◆ **EXERCISE AIM**
Although the data below holds other lines too, output only those from the line with "Is Credit Reporting Voluntary?" up to and including the line with "1833 N 2nd Street, Harrisburg, PA", exactly as they appear.

◆ **Records from a data collection**
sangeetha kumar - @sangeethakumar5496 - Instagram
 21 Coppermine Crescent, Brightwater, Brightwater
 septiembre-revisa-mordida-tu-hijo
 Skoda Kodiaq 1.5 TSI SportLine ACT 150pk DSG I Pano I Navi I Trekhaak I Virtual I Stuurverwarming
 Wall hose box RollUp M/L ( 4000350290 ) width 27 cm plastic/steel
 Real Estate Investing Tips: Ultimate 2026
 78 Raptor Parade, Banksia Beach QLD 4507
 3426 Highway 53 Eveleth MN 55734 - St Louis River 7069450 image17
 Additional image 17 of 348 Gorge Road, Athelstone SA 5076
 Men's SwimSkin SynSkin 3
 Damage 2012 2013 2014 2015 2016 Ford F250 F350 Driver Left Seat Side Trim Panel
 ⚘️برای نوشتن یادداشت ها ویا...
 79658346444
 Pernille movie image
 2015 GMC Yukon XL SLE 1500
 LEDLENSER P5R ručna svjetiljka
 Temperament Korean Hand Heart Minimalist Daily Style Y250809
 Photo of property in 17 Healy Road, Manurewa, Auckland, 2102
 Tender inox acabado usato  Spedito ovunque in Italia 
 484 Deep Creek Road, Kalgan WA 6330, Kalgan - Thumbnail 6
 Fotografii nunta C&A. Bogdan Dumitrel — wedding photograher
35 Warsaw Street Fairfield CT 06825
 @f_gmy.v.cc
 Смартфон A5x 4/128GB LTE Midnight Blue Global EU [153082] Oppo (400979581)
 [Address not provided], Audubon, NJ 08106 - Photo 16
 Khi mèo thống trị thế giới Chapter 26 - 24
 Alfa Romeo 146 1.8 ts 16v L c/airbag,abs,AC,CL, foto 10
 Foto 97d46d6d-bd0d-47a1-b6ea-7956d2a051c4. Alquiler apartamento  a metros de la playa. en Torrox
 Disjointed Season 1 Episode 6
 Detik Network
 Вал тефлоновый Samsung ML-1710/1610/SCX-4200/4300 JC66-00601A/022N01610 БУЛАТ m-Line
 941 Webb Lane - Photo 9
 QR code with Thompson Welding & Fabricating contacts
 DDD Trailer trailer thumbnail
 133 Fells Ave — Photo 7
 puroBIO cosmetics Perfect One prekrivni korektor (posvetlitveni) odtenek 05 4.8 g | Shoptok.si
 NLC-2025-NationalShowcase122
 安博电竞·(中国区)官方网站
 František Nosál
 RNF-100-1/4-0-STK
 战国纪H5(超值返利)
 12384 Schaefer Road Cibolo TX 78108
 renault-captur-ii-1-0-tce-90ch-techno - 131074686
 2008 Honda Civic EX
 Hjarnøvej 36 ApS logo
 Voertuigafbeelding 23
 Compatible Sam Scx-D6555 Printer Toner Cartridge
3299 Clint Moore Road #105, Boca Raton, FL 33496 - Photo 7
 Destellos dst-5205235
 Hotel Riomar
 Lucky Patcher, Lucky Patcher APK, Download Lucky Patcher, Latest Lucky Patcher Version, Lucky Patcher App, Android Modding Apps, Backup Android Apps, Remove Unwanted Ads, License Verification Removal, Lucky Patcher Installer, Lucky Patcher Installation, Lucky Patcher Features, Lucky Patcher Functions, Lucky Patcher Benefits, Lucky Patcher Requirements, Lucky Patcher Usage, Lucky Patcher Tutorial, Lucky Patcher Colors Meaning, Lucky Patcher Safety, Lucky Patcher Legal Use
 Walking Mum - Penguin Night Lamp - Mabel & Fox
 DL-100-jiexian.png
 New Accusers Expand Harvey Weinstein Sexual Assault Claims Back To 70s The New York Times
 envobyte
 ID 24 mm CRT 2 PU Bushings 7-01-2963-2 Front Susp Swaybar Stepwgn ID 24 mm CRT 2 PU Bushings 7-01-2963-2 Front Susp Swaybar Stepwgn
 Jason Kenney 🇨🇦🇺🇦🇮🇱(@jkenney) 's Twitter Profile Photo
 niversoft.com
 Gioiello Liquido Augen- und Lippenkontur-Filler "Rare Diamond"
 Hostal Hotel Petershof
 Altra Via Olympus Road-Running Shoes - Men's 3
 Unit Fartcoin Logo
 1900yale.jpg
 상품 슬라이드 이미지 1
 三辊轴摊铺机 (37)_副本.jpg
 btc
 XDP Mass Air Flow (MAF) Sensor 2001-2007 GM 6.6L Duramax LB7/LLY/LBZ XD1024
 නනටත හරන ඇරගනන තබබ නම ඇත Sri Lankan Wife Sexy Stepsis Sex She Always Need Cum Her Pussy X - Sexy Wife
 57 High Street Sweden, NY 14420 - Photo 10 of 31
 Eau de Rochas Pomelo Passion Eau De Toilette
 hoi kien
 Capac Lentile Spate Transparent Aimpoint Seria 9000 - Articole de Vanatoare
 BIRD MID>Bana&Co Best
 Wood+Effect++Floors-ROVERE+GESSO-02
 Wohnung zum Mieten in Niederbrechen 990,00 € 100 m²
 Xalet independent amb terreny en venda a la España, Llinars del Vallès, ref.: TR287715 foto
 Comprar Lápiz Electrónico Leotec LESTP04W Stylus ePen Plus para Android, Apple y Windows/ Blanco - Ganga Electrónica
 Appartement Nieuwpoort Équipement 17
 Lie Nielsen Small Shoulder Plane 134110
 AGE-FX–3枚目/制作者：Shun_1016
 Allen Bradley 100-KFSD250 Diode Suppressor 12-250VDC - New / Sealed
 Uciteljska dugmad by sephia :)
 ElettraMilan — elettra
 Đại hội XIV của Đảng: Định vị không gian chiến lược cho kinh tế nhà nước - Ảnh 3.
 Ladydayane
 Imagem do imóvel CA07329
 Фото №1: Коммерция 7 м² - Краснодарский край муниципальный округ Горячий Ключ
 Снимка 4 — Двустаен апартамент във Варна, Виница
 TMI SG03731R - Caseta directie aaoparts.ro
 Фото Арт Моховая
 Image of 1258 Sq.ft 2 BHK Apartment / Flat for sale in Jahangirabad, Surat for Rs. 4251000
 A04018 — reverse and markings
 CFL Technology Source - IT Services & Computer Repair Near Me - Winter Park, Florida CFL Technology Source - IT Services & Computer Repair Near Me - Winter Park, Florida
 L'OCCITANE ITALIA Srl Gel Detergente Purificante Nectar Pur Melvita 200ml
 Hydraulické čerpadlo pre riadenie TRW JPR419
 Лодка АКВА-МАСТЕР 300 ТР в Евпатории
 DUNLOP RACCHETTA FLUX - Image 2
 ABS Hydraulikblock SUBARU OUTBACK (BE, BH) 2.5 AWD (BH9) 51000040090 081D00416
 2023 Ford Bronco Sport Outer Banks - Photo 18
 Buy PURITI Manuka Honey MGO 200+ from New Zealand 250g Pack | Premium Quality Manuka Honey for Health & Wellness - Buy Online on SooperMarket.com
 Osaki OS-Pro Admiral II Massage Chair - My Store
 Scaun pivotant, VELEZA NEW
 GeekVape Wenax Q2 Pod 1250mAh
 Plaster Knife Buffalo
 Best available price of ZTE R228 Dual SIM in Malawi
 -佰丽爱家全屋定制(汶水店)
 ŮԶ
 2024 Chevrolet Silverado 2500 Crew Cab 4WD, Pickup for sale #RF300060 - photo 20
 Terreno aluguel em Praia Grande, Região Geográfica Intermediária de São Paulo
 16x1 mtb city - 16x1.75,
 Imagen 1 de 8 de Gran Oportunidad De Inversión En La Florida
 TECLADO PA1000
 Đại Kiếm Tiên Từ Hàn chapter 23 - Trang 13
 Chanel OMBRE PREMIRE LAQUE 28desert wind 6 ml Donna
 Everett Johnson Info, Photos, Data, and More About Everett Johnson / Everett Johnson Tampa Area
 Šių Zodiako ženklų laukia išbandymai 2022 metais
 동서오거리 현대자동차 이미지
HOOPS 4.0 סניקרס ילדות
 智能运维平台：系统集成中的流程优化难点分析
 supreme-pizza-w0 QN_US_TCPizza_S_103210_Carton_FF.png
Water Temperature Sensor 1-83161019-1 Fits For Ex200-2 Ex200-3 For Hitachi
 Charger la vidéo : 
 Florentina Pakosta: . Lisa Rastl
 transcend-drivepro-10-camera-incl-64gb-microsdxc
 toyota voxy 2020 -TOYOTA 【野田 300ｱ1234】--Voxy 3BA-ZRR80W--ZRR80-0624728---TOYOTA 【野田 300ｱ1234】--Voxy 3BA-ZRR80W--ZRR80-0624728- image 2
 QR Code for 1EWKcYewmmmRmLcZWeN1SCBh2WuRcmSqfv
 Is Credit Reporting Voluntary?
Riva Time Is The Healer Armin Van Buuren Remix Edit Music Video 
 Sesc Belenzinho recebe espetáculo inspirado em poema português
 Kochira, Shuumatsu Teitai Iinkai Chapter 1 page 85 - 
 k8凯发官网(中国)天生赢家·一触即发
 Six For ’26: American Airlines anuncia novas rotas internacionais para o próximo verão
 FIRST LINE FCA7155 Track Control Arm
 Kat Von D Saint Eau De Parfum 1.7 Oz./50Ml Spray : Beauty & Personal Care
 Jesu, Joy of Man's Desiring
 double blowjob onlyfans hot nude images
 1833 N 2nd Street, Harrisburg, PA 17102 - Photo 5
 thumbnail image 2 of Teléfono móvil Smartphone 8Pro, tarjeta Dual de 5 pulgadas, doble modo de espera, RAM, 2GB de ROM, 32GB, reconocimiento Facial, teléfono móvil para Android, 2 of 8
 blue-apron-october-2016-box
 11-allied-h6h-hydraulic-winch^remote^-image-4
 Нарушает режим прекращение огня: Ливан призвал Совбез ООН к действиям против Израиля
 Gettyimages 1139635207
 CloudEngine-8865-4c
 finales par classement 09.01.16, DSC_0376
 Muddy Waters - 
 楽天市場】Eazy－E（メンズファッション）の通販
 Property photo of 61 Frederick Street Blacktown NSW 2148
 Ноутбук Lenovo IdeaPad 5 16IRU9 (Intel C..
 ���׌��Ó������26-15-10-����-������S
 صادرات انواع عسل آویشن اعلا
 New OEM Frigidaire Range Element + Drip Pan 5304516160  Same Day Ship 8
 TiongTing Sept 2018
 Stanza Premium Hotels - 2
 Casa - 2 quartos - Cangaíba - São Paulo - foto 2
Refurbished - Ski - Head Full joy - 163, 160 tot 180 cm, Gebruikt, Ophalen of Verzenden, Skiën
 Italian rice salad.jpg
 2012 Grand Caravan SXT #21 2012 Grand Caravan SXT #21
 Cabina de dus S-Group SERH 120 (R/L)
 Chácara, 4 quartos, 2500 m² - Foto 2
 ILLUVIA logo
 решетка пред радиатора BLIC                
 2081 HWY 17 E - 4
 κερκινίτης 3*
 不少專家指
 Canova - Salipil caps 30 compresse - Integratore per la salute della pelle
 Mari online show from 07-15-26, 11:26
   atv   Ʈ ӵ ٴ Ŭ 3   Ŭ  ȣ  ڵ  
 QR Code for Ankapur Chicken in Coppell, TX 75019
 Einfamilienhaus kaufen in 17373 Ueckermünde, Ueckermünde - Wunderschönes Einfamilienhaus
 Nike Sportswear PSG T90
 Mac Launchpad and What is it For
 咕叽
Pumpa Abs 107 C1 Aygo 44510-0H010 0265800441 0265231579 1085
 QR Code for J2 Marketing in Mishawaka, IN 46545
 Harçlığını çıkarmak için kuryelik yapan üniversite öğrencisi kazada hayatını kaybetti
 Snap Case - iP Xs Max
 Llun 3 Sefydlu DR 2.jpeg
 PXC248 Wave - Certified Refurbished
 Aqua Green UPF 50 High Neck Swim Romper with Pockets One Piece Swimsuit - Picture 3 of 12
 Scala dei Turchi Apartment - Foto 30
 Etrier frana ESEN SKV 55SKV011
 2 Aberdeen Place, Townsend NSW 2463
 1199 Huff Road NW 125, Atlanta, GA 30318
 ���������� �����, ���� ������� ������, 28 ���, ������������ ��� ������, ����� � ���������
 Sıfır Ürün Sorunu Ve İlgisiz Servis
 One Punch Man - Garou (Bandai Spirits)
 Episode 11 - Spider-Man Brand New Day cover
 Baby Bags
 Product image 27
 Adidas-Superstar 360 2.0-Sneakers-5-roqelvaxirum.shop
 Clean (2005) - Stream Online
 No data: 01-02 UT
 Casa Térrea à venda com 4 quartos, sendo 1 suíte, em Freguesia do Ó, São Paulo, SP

◆ **WRITTEN REPLY**
 Is Credit Reporting Voluntary?
Riva Time Is The Healer Armin Van Buuren Remix Edit Music Video 
 Sesc Belenzinho recebe espetáculo inspirado em poema português
 Kochira, Shuumatsu Teitai Iinkai Chapter 1 page 85 - 
 k8凯发官网(中国)天生赢家·一触即发
 Six For ’26: American Airlines anuncia novas rotas internacionais para o próximo verão
 FIRST LINE FCA7155 Track Control Arm
 Kat Von D Saint Eau De Parfum 1.7 Oz./50Ml Spray : Beauty & Personal Care
 Jesu, Joy of Man's Desiring
 double blowjob onlyfans hot nude images
 1833 N 2nd Street, Harrisburg, PA 17102 - Photo 5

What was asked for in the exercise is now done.